Way back in time, in the early twentieth century, evangelicals (if we can call them that) did not believe strongly in degrees, as Joel Carpenter’s Revive Us Again shows in abundance. Many Christians, including some in the fundamentalist tradition, did not believe it necessary to earn them. In the mid-twentieth century, with the rise of neo-evangelicalism and pedigreed leaders like Harold J. Ockenga, many evangelicals switched tracks. Instead of distancing themselves from worldly credentials, they embraced them in order to shore up their cultural footing and gain social credibility.
In our days, it’s common for evangelicals to earn all kinds of degrees. If we once possessed too few credentials, making it easy for people to avoid taking us seriously, perhaps the pendulum has swung back too far the other way, such that we take ourselves too seriously. How many times have you seen an evangelical identify himself as “Dr. John Smith, PhD,” a title that immediately paints the possessor in a slightly insecure light? This is all too common among evangelicals. To paraphrase the immortal Bruce Dickinson (Google it with “gold-plated diapers”–no, I’m not making this up), we conservative Christians have a “fever for degrees.”
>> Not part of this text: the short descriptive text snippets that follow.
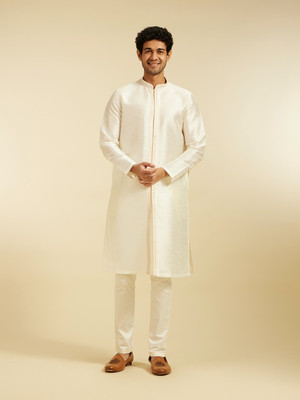 DIWAS by Manyavar Men Embroidered Straight Kurta(White)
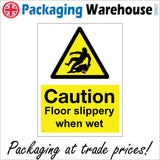 WS554 Caution Floor Slippery When Wet Sign with Triangle Person
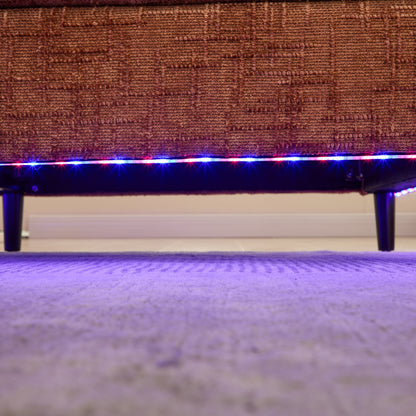 Canapé 2 places en chenille de style moderne avec pieds en bois, éclairage LED, port de chargement USB et sac de rangement, pour salon, chambre, bureau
This extends beyond just one degree or title. I see people’s business cards identify them as “John Mottleby, MDiv” somewhat regularly. Now, I’m all for academic training. I believe in it. I think it’s useful, and I think that in many cases (especially colleges and seminaries) there is a great deal to be said for jumping through the hoops necessary to win accreditation. I differ with some when I say that I think, in my limited judgment and experience, that it is good for pastors (for example) to get a recognized degree (and maybe two if they sense the Lord leading them to do so).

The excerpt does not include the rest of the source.